Image-caption web data:

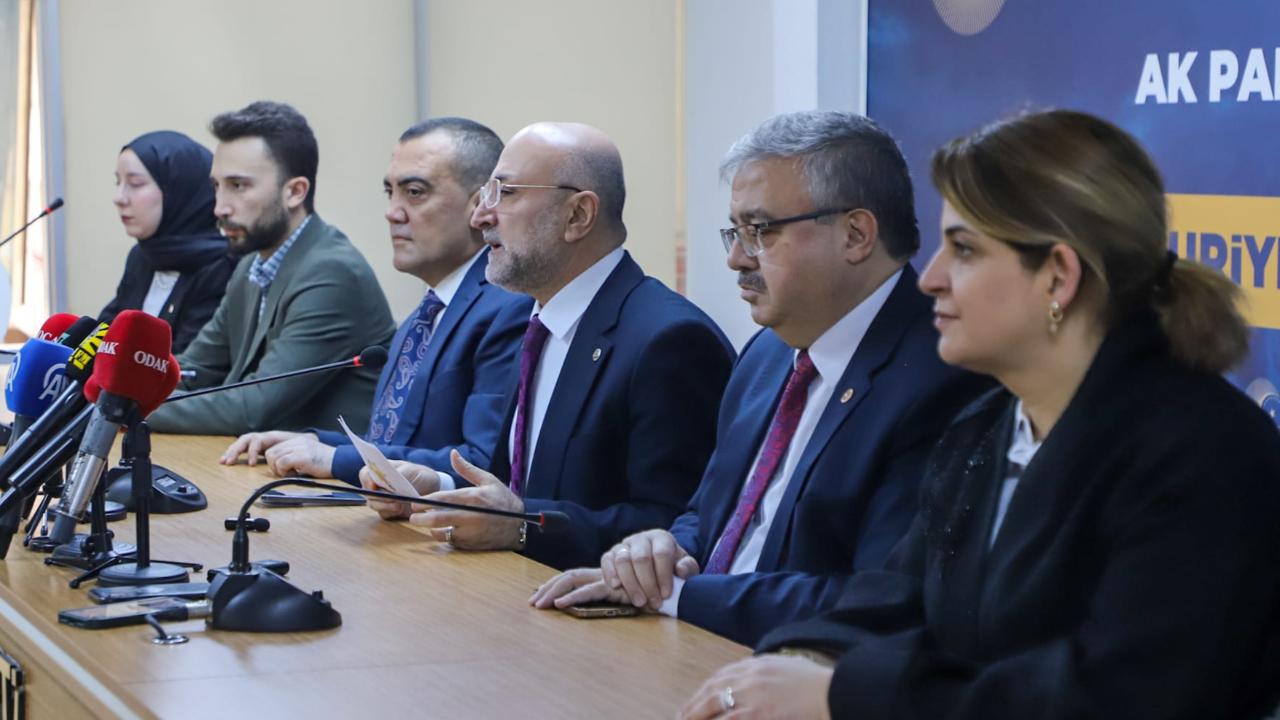 AK Parti’den 28 Şubat Darbesi Açıklaması: “Darbeci Zihniyete Karşı Dimdik Duruyoruz”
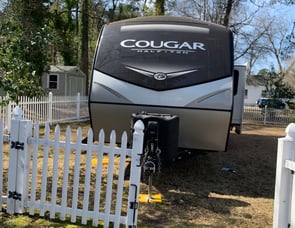 Keystone RV Cougar Half-Ton 31BHKWE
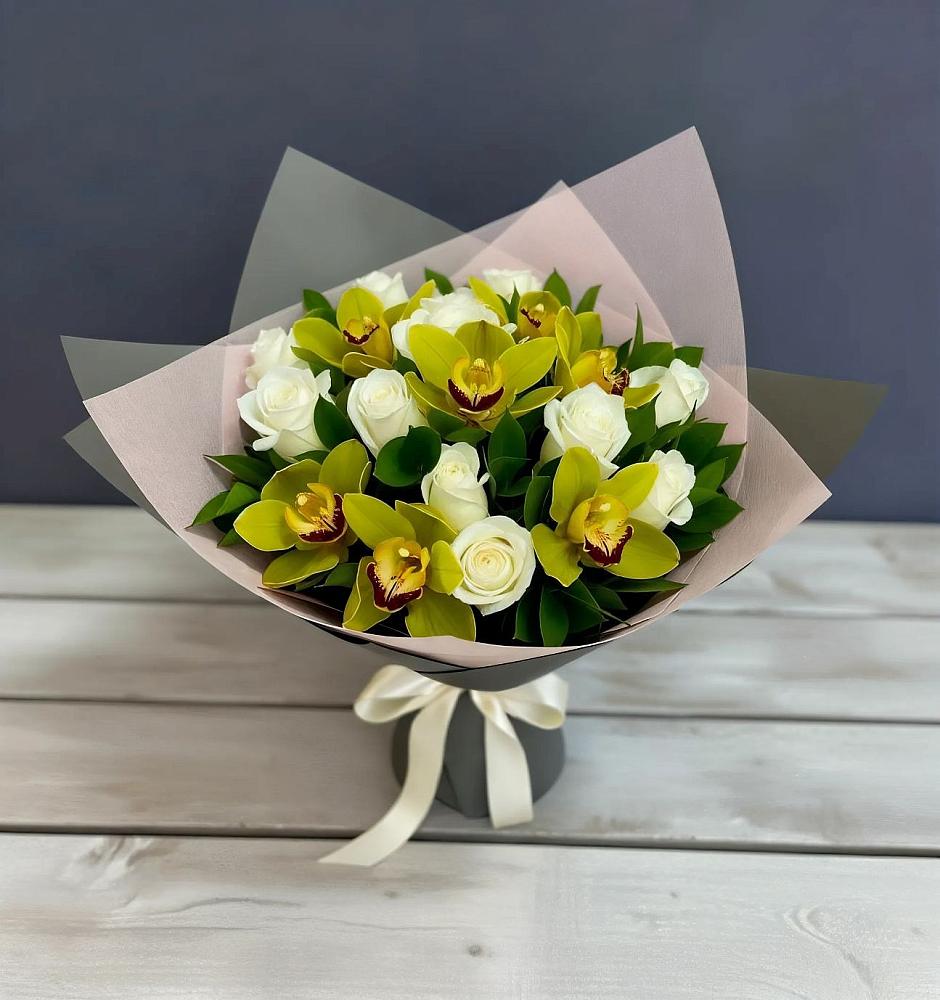 Букет цветов из: Орхидеи и Розы в Кяхулай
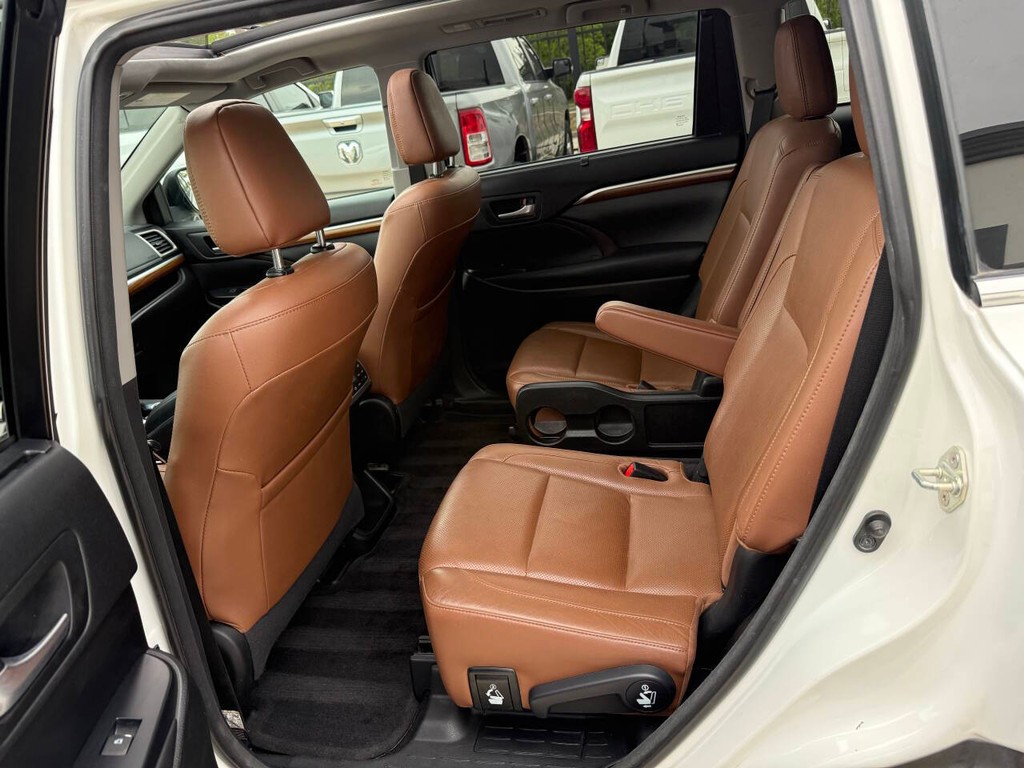 Toyota Highlander Hybrid Vehicle Full-screen Gallery Image 13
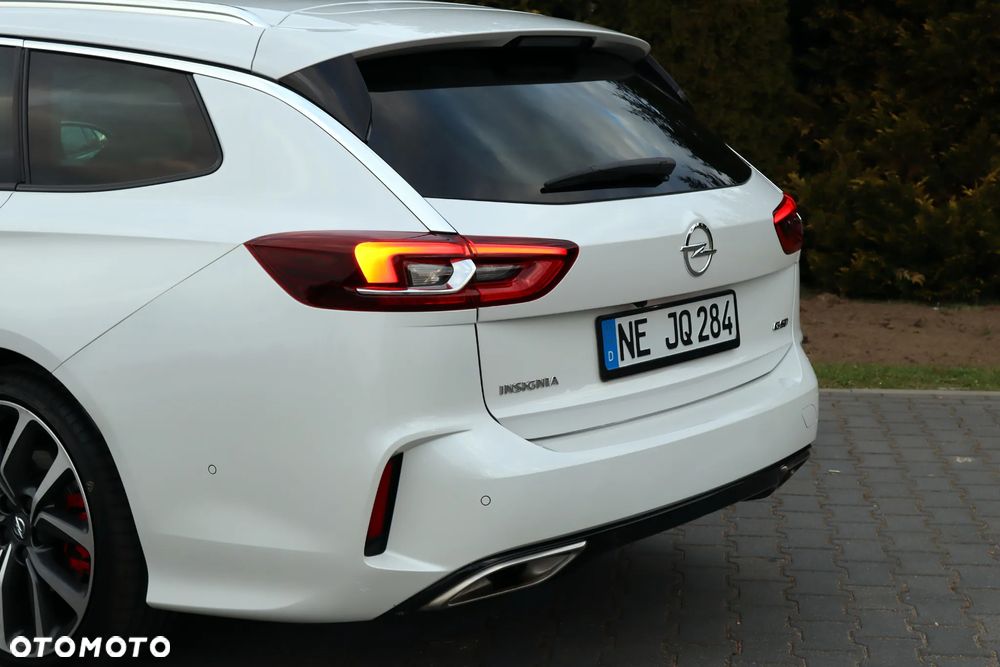Opel Insignia 2.0 BiTurbo D 4x4 Automatik GSI - 16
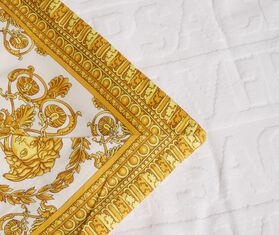Versace &#39;I Love Baroque&#39; beach towel, white WHITE VERS22BEA228WHI
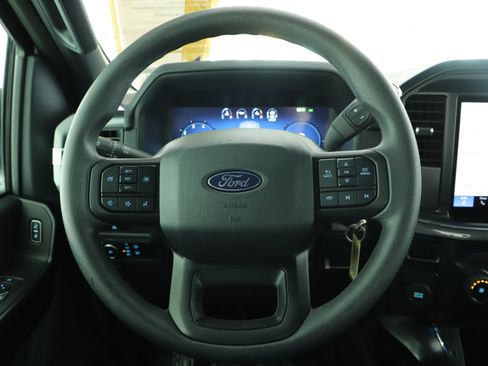 Used 2025 Ford F150 STX w/ Equipment Group 200A RWD image 18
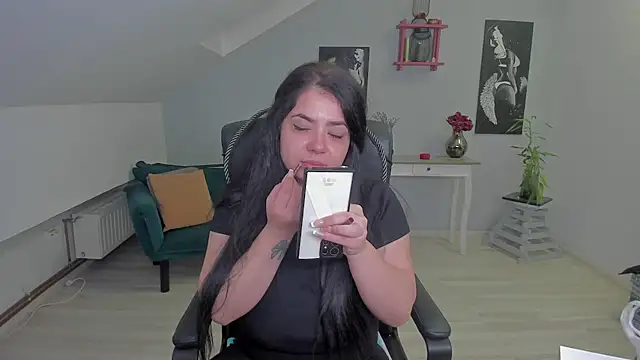 Snapshot of DennysseCharm chatting on 10.13.25 DennysseCharm online show from 10.13.25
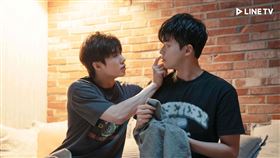 《致我的星星2》金江珉（右）與孫宇賢（左）上演廚師與大明星的甜蜜同居生活。（圖／LINE TV提供）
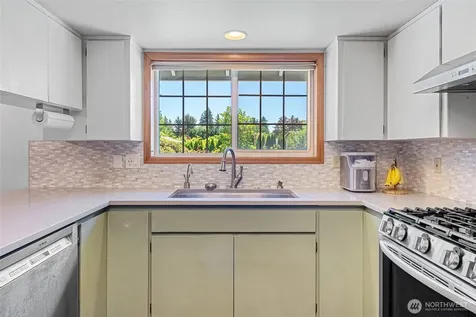 2525 Silves Court Everson WA 98247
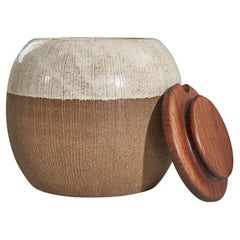 Sture G. Ohlsson, Vaso, Gres bianco semilucido, Teak, Svezia, 1960 ca.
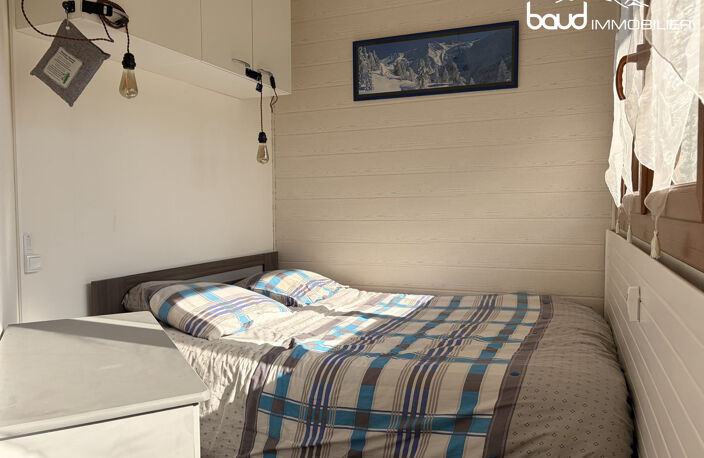 T2 plus cabine — photo 5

Exercise instructions: From the line containing "Snapshot of DennysseCharm" through the last line of the data above, write out every line word for word, and nothing else. Do not include the pictures.

Answer for this exercise:
 Snapshot of DennysseCharm chatting on 10.13.25 DennysseCharm online show from 10.13.25
 《致我的星星2》金江珉（右）與孫宇賢（左）上演廚師與大明星的甜蜜同居生活。（圖／LINE TV提供）
 2525 Silves Court Everson WA 98247
 Sture G. Ohlsson, Vaso, Gres bianco semilucido, Teak, Svezia, 1960 ca.
 T2 plus cabine — photo 5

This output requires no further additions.